[Top][All Lists]
[Date Prev][Date Next][Thread Prev][Thread Next][Date Index][Thread Index]
Re: [Grammatica-users] Want to Use the PArser as non-deterministic for N
From: |
Matti Katila |
Subject: |
Re: [Grammatica-users] Want to Use the PArser as non-deterministic for Natural Language Processing |
Date: |
Tue, 12 Jul 2005 17:08:06 +0300 (EEST) |
Hi Andres,
On Fri, 8 Jul 2005, Andres Hohendahl wrote:
> I am working in natural language processing (personal) project, to play
> around with syntactic, semantic and morphologic processing.
You have a big project I would say :)
> I want also to parse several part-of-speech segments for NL in order to
> get a correct grammar testing using EBNF and C# under .NET framework.
>
> There are lots of mutual excluding parts when defining the different
> tokens as words, and
I don't think it's much use for many different "word" tokens. Just slice
the text to sentences, then words and punctuation marks.
Then all the fun starts.
> the dictionary is not able nor practical to be loaded
> as EBNF,
True, and you even can not use grammatica with too rich grammar since
generated parser might expand out of 64K which is the maximum class size
with java (oh' I wouldn't count C# would still work fine =)
> also the natural grammar is heavily context or inter-token
> dependant,
Do you have a good word database?
Like if there is a input "A cat has a hat." it would match for Subject
Predicate Object pattern.
(sorry of my knowledge with spoken languages and right terms)

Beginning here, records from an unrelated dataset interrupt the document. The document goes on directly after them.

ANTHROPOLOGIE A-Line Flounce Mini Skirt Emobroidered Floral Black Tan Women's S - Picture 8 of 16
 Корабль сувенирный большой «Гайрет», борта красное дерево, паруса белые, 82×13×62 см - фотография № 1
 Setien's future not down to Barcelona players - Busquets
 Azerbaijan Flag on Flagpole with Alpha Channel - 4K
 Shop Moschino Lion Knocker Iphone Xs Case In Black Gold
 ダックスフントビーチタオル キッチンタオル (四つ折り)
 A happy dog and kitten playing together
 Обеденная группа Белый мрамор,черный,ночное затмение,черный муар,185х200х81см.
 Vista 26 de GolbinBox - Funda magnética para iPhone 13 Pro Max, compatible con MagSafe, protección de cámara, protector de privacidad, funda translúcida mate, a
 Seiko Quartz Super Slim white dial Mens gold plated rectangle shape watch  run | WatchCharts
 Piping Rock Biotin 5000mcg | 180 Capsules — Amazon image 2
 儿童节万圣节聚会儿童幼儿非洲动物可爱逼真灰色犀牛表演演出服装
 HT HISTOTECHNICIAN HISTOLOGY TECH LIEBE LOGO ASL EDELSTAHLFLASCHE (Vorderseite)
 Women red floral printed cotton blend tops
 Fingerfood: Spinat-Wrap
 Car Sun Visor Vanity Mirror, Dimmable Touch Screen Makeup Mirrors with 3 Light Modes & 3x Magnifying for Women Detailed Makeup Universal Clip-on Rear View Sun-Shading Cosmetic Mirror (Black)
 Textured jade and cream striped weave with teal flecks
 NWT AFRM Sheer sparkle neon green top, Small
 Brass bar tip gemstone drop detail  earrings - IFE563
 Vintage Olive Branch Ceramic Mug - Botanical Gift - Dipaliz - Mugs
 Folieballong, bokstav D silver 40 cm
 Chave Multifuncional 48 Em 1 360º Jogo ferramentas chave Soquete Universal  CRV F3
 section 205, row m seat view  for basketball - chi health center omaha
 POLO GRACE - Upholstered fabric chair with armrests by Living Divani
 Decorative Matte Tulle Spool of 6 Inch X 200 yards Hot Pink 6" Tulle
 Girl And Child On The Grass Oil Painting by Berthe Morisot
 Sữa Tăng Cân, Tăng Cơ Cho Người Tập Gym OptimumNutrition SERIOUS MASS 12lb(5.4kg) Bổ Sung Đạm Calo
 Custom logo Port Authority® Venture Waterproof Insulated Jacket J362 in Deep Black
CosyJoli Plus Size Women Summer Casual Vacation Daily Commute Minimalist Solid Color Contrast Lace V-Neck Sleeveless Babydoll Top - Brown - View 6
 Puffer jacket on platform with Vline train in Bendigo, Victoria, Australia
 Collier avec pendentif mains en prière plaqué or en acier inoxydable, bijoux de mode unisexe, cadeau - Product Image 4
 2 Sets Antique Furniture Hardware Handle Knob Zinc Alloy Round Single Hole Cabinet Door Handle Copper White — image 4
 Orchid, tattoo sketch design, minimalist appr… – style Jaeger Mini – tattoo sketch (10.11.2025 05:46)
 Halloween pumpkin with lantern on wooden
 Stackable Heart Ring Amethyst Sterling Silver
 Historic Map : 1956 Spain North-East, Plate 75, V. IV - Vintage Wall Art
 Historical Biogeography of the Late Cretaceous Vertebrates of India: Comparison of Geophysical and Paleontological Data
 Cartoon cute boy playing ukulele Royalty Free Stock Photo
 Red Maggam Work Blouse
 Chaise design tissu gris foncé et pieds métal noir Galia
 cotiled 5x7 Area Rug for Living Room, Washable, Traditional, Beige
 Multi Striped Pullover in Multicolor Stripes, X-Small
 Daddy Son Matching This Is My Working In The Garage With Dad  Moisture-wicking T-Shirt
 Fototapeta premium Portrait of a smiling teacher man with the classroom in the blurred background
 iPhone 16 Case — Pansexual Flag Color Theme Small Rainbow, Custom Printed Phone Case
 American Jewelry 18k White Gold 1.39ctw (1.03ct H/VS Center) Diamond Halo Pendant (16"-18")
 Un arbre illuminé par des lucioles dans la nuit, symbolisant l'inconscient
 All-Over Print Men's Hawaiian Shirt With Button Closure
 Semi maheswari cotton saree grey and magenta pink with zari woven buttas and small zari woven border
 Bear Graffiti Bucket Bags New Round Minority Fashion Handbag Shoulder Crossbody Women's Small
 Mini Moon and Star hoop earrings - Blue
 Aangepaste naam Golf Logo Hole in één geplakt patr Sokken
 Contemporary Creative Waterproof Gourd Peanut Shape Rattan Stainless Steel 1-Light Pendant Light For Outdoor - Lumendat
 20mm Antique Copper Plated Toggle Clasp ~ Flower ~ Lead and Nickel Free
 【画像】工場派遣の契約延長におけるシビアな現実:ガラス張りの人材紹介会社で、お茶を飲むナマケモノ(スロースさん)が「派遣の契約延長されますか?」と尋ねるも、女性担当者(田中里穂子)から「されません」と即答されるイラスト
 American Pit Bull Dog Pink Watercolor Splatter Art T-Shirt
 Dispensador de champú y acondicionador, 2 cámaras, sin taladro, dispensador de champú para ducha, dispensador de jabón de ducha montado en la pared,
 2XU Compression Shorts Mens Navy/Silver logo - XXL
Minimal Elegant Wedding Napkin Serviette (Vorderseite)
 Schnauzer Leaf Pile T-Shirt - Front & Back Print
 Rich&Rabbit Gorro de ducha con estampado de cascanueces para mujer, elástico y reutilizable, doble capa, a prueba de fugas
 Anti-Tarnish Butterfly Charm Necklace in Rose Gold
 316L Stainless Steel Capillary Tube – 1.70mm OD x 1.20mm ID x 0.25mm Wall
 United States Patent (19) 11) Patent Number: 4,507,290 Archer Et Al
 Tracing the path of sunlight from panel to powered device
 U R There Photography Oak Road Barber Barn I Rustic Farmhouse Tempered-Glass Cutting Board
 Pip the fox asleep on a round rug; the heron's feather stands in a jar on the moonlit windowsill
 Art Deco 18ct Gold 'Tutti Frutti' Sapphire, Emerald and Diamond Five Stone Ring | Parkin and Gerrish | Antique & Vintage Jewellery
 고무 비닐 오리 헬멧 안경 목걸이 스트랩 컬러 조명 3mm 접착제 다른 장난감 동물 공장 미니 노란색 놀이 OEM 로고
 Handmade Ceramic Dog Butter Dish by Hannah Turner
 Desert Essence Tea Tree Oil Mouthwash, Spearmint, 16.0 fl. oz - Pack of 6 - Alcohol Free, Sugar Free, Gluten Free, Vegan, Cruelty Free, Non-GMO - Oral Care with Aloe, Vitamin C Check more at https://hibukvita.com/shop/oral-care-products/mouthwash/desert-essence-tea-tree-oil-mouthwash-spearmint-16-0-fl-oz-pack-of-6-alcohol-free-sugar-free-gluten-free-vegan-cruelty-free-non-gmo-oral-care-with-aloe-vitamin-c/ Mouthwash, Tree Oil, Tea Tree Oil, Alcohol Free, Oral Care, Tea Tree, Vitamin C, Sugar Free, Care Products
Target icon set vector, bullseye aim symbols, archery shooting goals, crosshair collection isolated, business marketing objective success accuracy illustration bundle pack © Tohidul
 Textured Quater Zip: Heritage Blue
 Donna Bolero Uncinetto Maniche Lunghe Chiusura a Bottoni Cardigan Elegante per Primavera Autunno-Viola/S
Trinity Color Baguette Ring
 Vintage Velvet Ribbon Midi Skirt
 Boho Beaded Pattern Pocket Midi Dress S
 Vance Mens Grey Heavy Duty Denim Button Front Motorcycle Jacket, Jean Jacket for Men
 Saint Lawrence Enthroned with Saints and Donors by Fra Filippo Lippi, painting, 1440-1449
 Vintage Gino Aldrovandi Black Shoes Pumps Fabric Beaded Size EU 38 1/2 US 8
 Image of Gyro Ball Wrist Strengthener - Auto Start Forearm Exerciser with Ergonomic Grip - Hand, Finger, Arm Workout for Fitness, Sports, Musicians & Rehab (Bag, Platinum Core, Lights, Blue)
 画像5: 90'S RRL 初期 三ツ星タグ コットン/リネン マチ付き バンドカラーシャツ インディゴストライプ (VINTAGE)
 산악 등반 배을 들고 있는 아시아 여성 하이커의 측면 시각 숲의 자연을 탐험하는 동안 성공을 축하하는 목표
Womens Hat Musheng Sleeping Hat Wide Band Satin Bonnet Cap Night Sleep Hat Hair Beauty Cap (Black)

A,a = noun(alphabet), or adverb
cat = noun
hat = noun
has = verb
The token stream for such thing would be:
word(noun, adverb), word(noun), word(verb), word(noun, adverb) and word(noun)
Well, it sounds like you would need a context sensitive tokenizer where
different possibilities are tried to match for token stream.
> To allow this (I guess) I must make the tokenizer somewhat context-dependent
> and tokenize several alternate ways using a recursive pattern scanning,
> allowing it to explore the combinations or word-functions that best fits a
> production.
>
> I think this can be done adding a structure-layer on top of the Token /
> Tokenizer classes, producing a callback or event to allow external classes
> and methods to operate and get the context data for this token, and finally
> there must be a trial-error or scoring to select the most appropriate token
> which fulfills the production(s).
>
> I have already successfully coded several classes class which checks the
> functions of a word as a set of types, using affix-reduction, dictionary
> seek and intelligent de-stemming.
>
> Any suggestion or clue?
I couldn't follow the idea in the last three paragraphs but I wish you a
best luck with your project. Maybe I could understand if you provide some
examples.
-Matti